I love quality. I love things that work well, I expect perfection from people, especially if they are providing a service to me. I do not understand when someone cannot do their job. I am a critical and sometimes persimisstic person. I’ve always thought these were my vices, but after reading a certain book by James Bach, I’m starting to reconsider. Apparently these are just the qualities that are needed to be successful in software testing.
I love code, I like the rush I get when I debug (my simple) programs and manage to get them to work.This has got me to really consider a career in Software Testing or Quality Assurance. The testing work I do for Mozilla is sporadic and I havent done that much to consider myself a Software Tester yet, this is mostly due to schedule conflicts, lack of an active Internet connection at home and of course lack of finances.
Don’t get me wrong, I love volunteering and I dedicate a lot of my time and energy towards the OpenSource movement but money is important too. I have not done as much testing for Mozilla as I’d like because there is no immediate financial gain, so I usually end up working on other things (that pay) that aren’t related to what I do. For instance, for the past three months, I’ve been tutoring at a local College. This leaves me with little or no time to test Firefox and/or the Mozilla Websites.
I recently joined another Organisation that does Software Testing called uTest. uTest crowd sources testers from all over the world to perform Functional, Security,Load,Usability and Localisation testing on all sorts of applications from Web to mobile.uTest provides a service to its customers by crowd sourcing testers and payes them based on the quality of their work(Base pay + tester ranking + bug bonuses). Gold ranked testers get anything between $1000 and $10000 per project (That got your attention didn’t it?).I haven’t been rated yet and I certainly hope to get to be Gold rated one day.

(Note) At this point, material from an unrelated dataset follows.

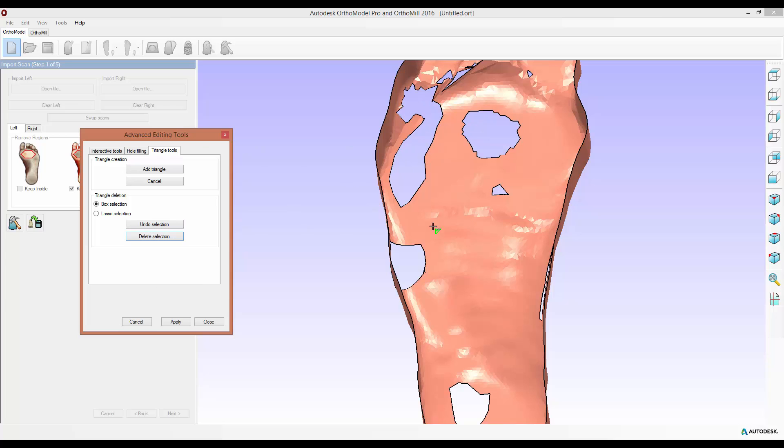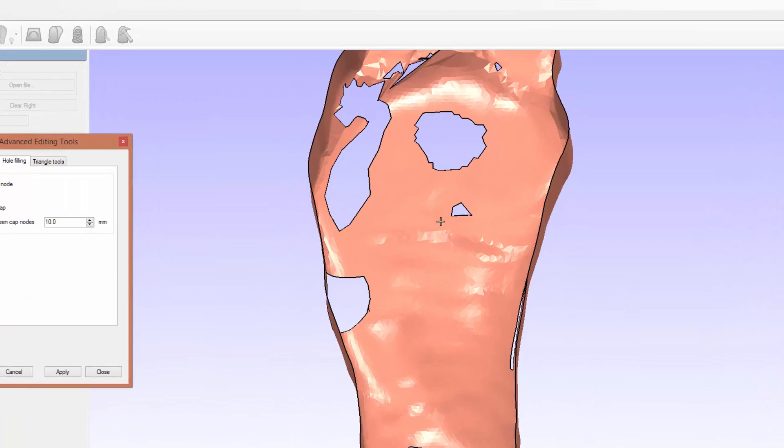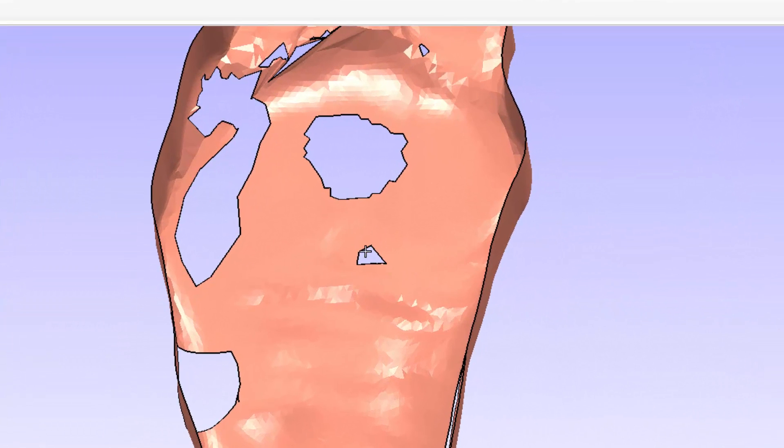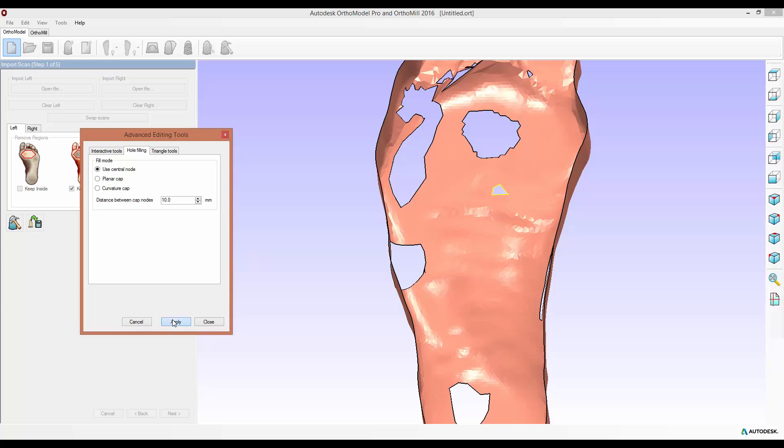I've also got numerous holes within my scan data and the hole filling tab allows me to deal with these. There's three modes of doing so. Use central node will pick a point within the center of the hole boundary and create triangles from that point to the boundary edge. This is the fastest method but it's probably the least precise. It's useful to use on holes such as this one which are small, simply select the boundary, it'll highlight yellow and then select apply to apply the fill.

As a new tester, I had to attend a Sandbox testing week , where I had to test a Website, follow the test cases and submit up to two bugs.
To pass the sandbox, I needed to do the above and be in the top 30% of my class. I failed to find any bugs on the test-site but only managed to complete the testcases. I’m worried about how this will affect my performance. According to the uTest website, failing to pass the sandbox test means you cannot be invited to paid projects(or test cycles as they call them).
I should get an email response with feedback and next steps next week. I’ll put up another blog post about how that goes.
That said, I think uTest is a great opportunity to anyone who wants to apply their knowledge, learn a thing or two and make a quick buck while they are at it.